[[ Source material, beginning ]]

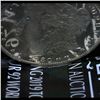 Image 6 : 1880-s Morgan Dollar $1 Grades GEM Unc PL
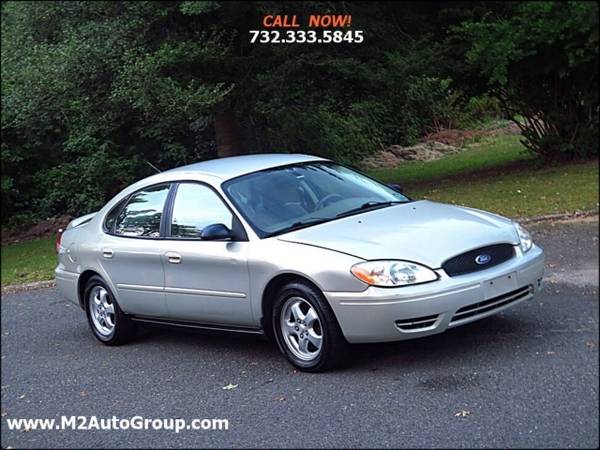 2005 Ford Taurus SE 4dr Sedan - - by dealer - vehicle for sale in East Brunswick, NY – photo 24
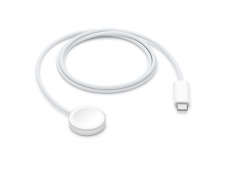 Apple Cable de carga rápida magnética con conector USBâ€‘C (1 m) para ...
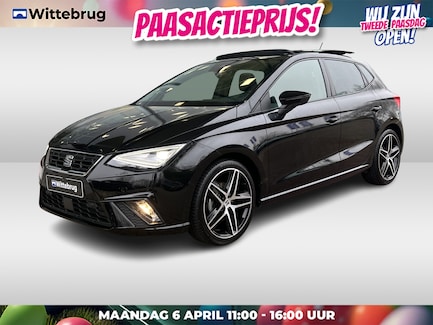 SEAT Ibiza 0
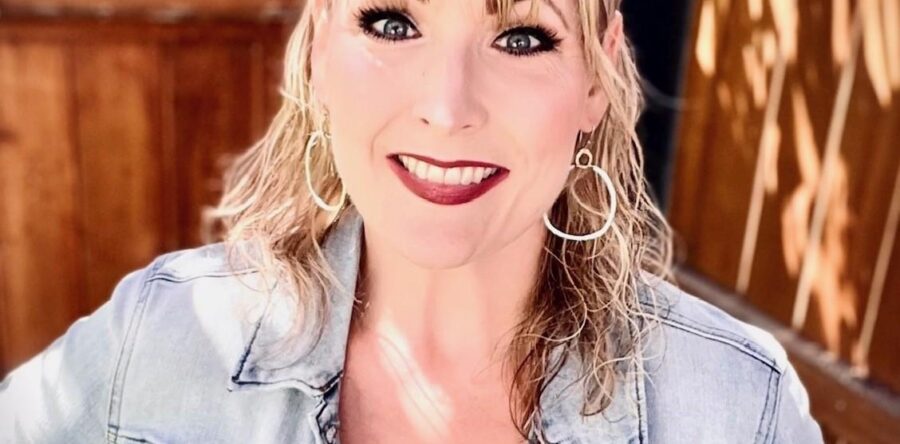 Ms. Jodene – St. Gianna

[[ Source material, end ]]

:: Exercise ::
A faithful, complete copy of the entries is required, without the pictures.

:: Solution to this task ::
 Image 6 : 1880-s Morgan Dollar $1 Grades GEM Unc PL
 2005 Ford Taurus SE 4dr Sedan - - by dealer - vehicle for sale in East Brunswick, NY – photo 24
 Apple Cable de carga rápida magnética con conector USBâ€‘C (1 m) para ...
 SEAT Ibiza 0
 Ms. Jodene – St. Gianna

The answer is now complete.